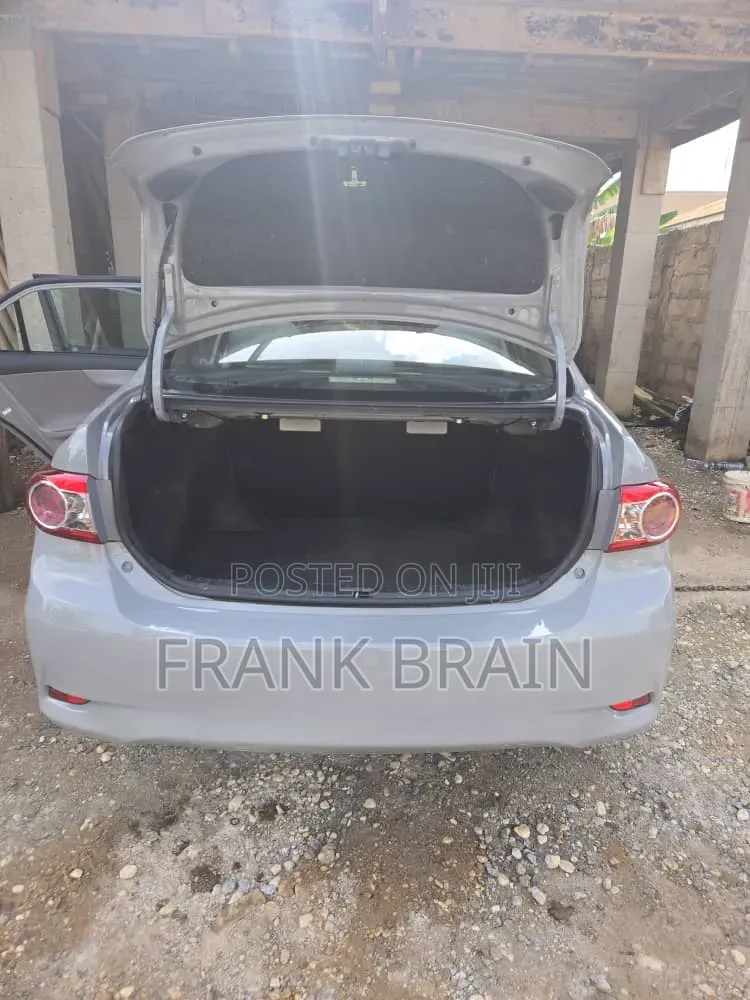 Toyota Corolla LE 4dr Sedan (1.8L 4cyl 4A) 2013 Gray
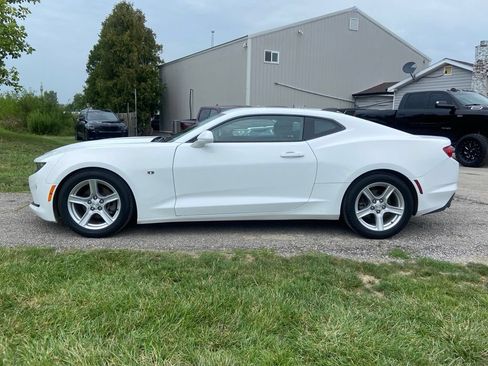 Used 2022 Chevrolet Camaro LT RWD image 2
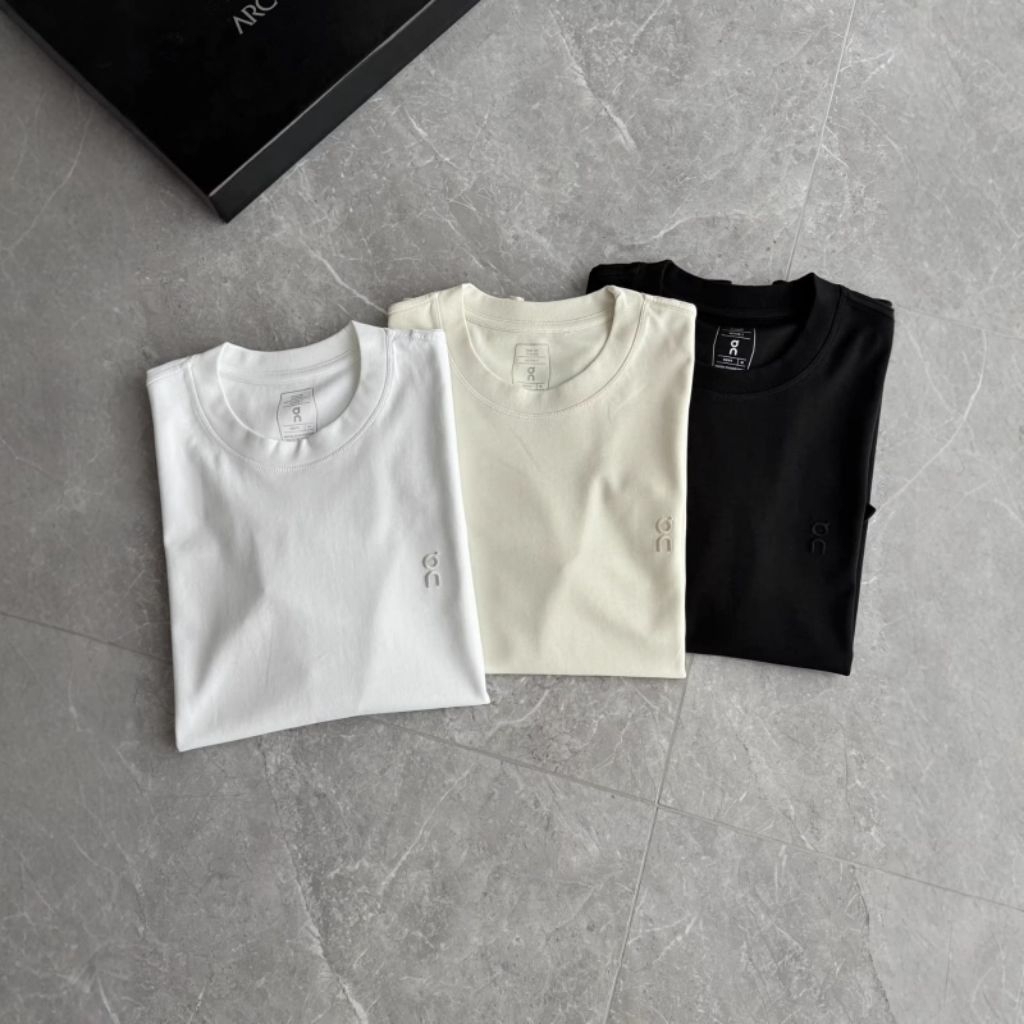 OnCloud เสื้อยืดแขนสั้นปักโลโก้ขนาดเล็ก
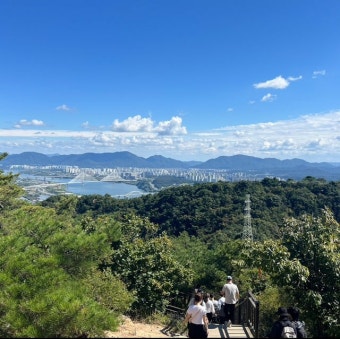 아차산 도보 코스 – 서울 동쪽 조망 명소를 걷다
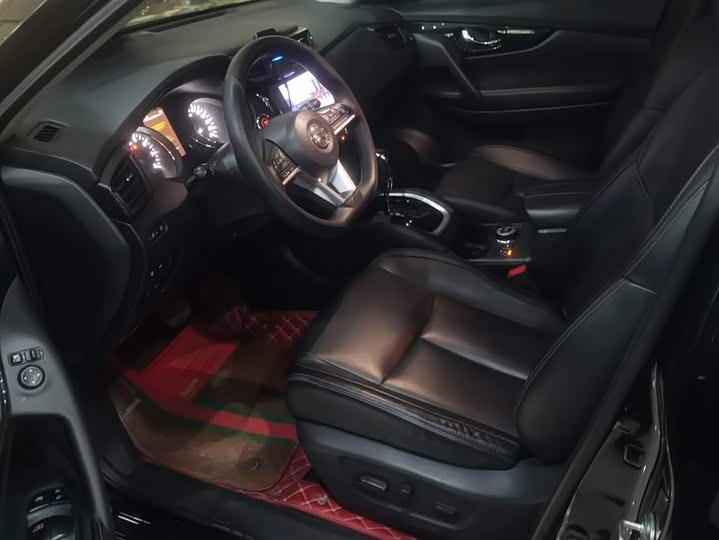 Фото 9 - Nissan X-Trail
☆ ☆ ☆ ☆ ☆ ☆ ☆
Copy exactly what appears from the line holding "Used 2022 Chevrolet Camaro LT RWD image 2" to the end of the material, keeping both end lines. Pictures are not part of the copy.

 Used 2022 Chevrolet Camaro LT RWD image 2
 OnCloud เสื้อยืดแขนสั้นปักโลโก้ขนาดเล็ก
 아차산 도보 코스 – 서울 동쪽 조망 명소를 걷다
 Фото 9 - Nissan X-Trail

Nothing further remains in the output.